Demonstrator Fatima Mukhtar, 55, who wore a headband with the inscription "We Love Saddam," said: "All of us believe that this is a time that America should be defeated and only he is capable of doing that and bringing back the hope and joy of thousands of families who are victims of Israeli and American terror."

In the West Bank city of Hebron, about 200 Palestinian marched in solidarity with Iraqi. "With our blood, with our soul, we will redeem you Saddam," they chanted as they waved Iraqi flags.

Also on Thursday, Israel dismissed comments by the Britain's foreign minister, Jack Straw, who suggested Western powers are guilty of a double standard in insisting Iraq implement U.N. resolutions, but not forcing Israel to do the same.
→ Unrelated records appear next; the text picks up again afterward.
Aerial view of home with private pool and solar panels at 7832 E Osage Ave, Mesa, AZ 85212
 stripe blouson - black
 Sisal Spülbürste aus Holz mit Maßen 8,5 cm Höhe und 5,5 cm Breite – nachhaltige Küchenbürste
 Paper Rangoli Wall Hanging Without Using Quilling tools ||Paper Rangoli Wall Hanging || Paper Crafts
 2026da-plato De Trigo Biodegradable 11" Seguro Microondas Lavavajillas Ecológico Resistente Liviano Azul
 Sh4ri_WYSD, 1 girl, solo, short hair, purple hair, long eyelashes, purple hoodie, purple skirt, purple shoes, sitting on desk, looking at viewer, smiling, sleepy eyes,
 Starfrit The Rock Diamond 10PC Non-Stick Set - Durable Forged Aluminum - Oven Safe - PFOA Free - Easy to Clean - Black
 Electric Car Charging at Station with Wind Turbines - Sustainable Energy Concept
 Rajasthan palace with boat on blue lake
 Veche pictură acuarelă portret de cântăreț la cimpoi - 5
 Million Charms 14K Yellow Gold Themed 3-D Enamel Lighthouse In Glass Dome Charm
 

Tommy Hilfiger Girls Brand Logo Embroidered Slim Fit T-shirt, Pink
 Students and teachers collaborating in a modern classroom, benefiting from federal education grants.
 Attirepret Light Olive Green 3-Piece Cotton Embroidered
The Palestinians have long complained that Western nations enforce U.N. resolutions regarding Iraq with determination while not doing the same regarding Israel.

Asked about such contentions, Straw said earlier this week: "There is, and we'll deal with it, and I feel upset and angry about the plight of the Palestinians, but I also feel angry and upset about the terror under which the Israelis have had to live."

He cited U.N. Resolution 242, which calls on Israel to withdraw from lands it occupied in the 1967 Middle East war, but has not been implemented.

"It is our responsibility, yes, to deal with Iraq, and also, yes, to deal with the Israel-Palestine crisis," he said.

Israeli Foreign Ministry spokesman Yonatan Peled said Thursday the parallel was unacceptable. He said Straw was trying to "create linkage between a democratic country that wants peace, like Israel, and a threatening, warlike and dangerous dictatorship, like Iraq."